C’est un article qui pouvait passer inaperçu, et pourtant il réveille en moi ce souvenir de la naissance d’une conscience politique.
Steve Biko est mort en 1977, l’année de ma naissance, d’une lésion cérabrale dans une cellule de la prison de prétoria, après avoir fait 1.200 kilomètres à l’arrière d’une jeep sur des routes que l’on devine peu à même de favoriser le rétablissement d’un homme bléssé jsuque dans les tréfonds de son cerveau.
De son histoire, Donald Wood tira un livre, Biko. Relatant la vie du leader nori et sa rencontre qui se mua en amitié, ce livre servit de base au film de Richard Attenborough Cry Freedom.
Petit retour en arrière sous forme de flash back psychanalytique: 1987, sorti de Cry Freedom, j’ai 10 ans et mon père nous propose d’aller voir ce film un peu dur au cinéma. Plus rien ne sera pareil ensuite.
Quelque semaine plus tard, après avoir lu, demandé et compris beaucoup de choses, je rédige une rédaction qui marque le début de mon refus de l’exclusion, de la misère, de la haine des autres, de la ségrégation sous toutes ses formes, qu’elle soit politique, raciale, économique, religieuse.
En cours de français, le thème qui nous est proposé est “que feriez vous si vous étiez invisible pendant 24H?” Alors que mes petits camarades jouent le jeu du buccolique, de l’espionnite etc je décide d’aller libérer Nelson Mandela. Etonnante naïveté quand on sait les contingences imposées par les voyages en avion !! A l’époque seule ma prof d’histoire Mme Richard savait qui était Nelson Mandela. Pourtant la communauté internationale obtiendra sa libération l’année suivante, notamment après que le succès de Johnny Clegg & Savuka ait projeté l’attention du monde sur le sort du futur prix Nobel de la paix.
Avancé dans le temps, Novembre 1995, Bac en poche, entré à Sciences-po Bordeaux par hasard (et ressorti la même année), au cours d’une conférence de culture générale, à l’occasion de ma carte blanche, j’évoque la situation du Timor Oriental quand celui-ci n’est encore qu’un point sur une carte en dépit des 200.000 morts et des milliers de déplacés. Encore une fois c’est l’ouverture du feu médiatique et l’intervention de l’ONU (mais aussi le départ du général Suharto) qui fera progressivement changer les chose.

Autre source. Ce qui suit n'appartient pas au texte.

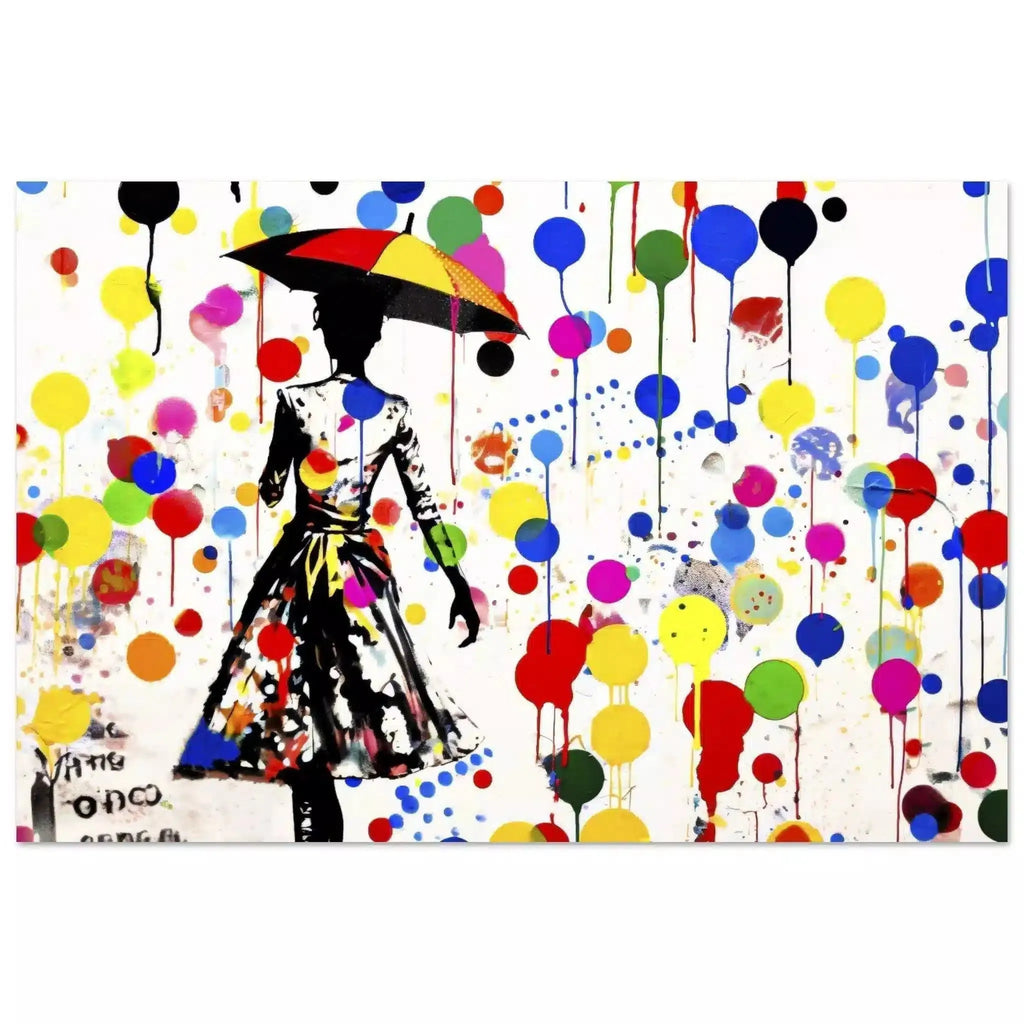 Elegant woman with umbrella amid colorful paint splashes, dots, and balloons on a white background. Aluminum print. Polka Splash Soiree - Graphique Addictions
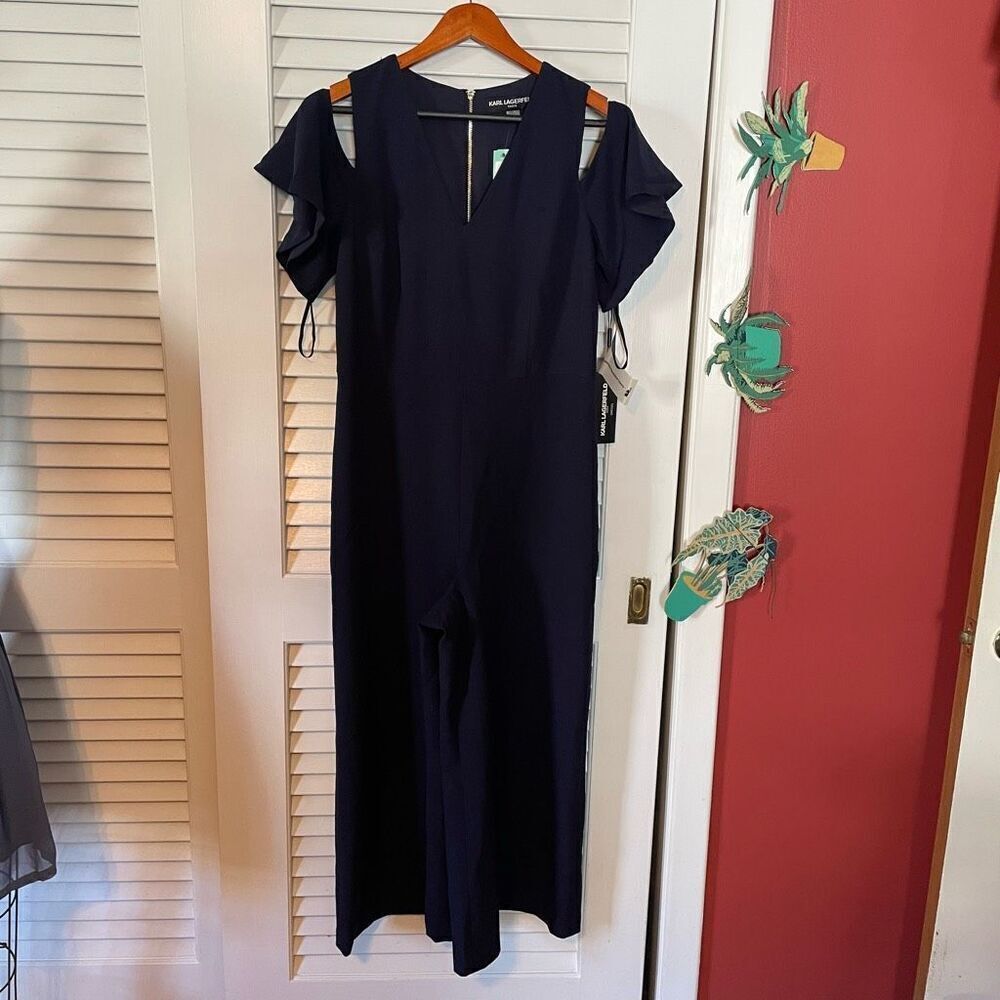 KARL LAGERFELD | melia cold shoulder midi jumpsuit in navy 8 NWT - Picture 3 of 12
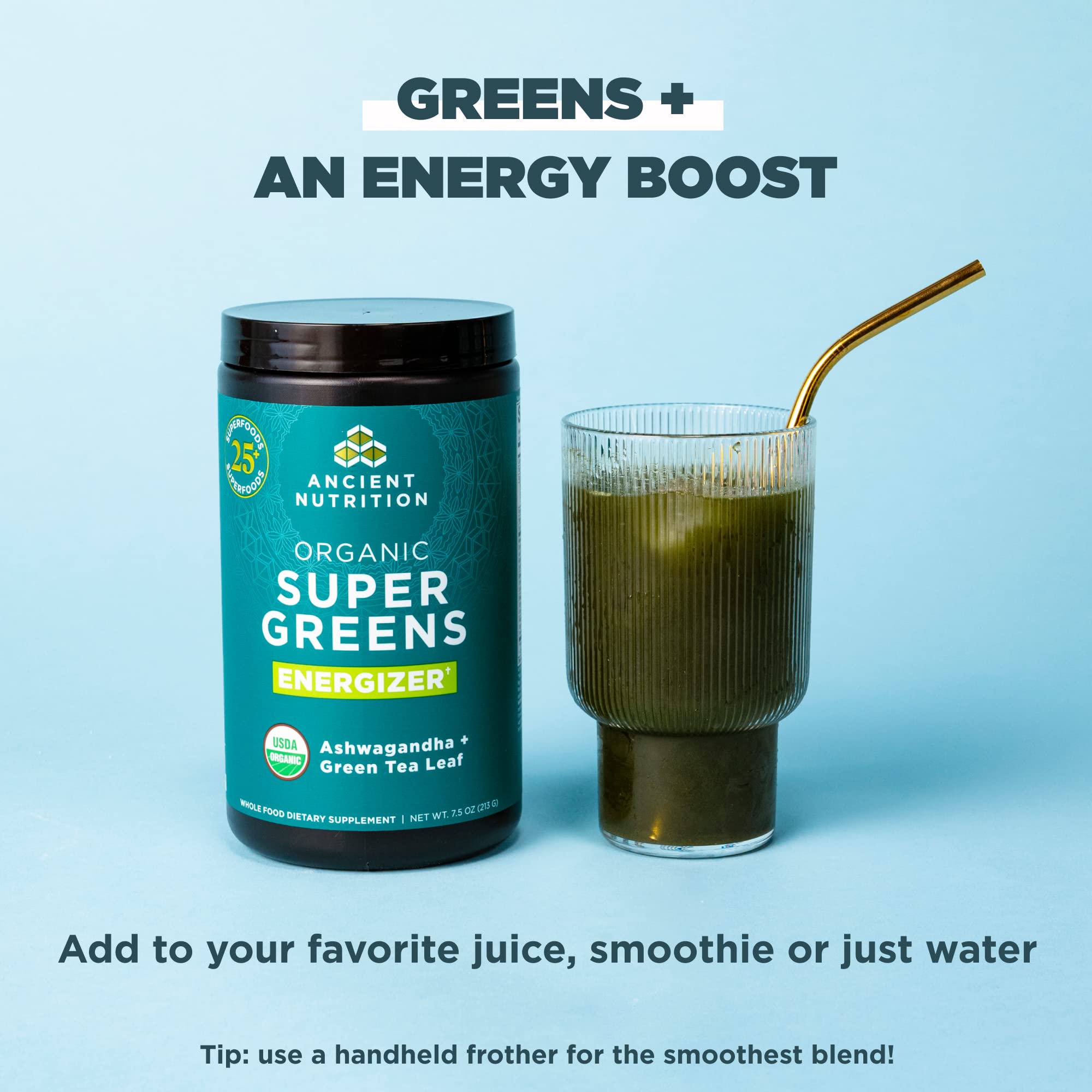 Ancient Nutrition Supergreens Energizer Powder, Organic Superfood Powder with Caffeine - AB Mystery
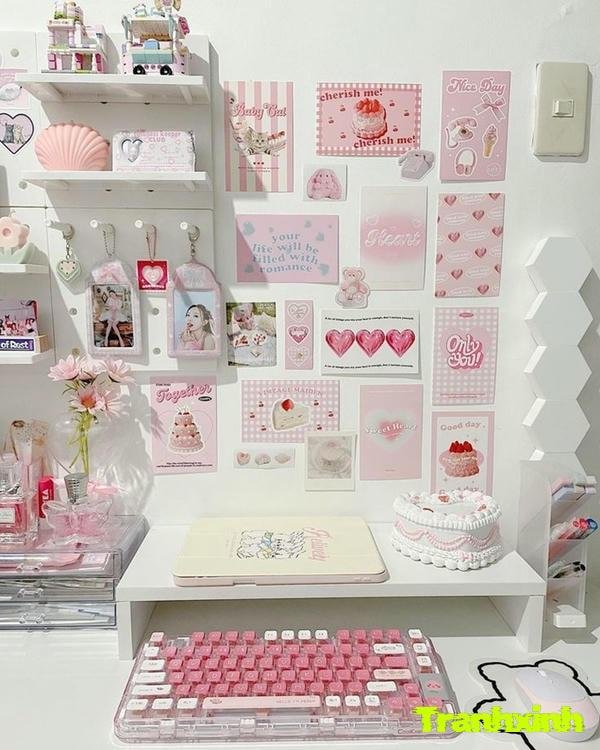 ảnh trang trí bàn học trắng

J’eu alors cette réflexion de la part de mon prof:
“Pour quelle raison nous avez parlé du Timor, pour que l’on ne puisse pas vous poser de question?”
Avec le recul je ne sais pas encore si c’était une provocation mais la réponse fusa aussi rapidement qu’une balle “j’estime que dans le silence médiatique actuel, la mort de 200.000 personnes necéssitait au moins le quart d’heure d’une carte blanche”. Sourire entendu de mon prof et question supplémentaire:
“Vous connaissez ce film?” dit-il en désignant l’inscription sur le tableau. Elle indiquait la projection de Cry Freedom dans l’un des amphis de notre vénérable institution. Sourire entendu, rapide description, comme on se retrouve.
Quand je vois le mépris avec lequel la classe politique traite les petites gens, la condescendance et la fausse attention qu’il leur prête, les grandes déclarations suivies d’accord avec des bouchers, je me dis que peut être ils auraient dû aussi avoir un père qui les amène voir Cry Freedom. Et aussi une prof d’histoire qui projète “nuit et brouillard”, mais c’est une autre histoire.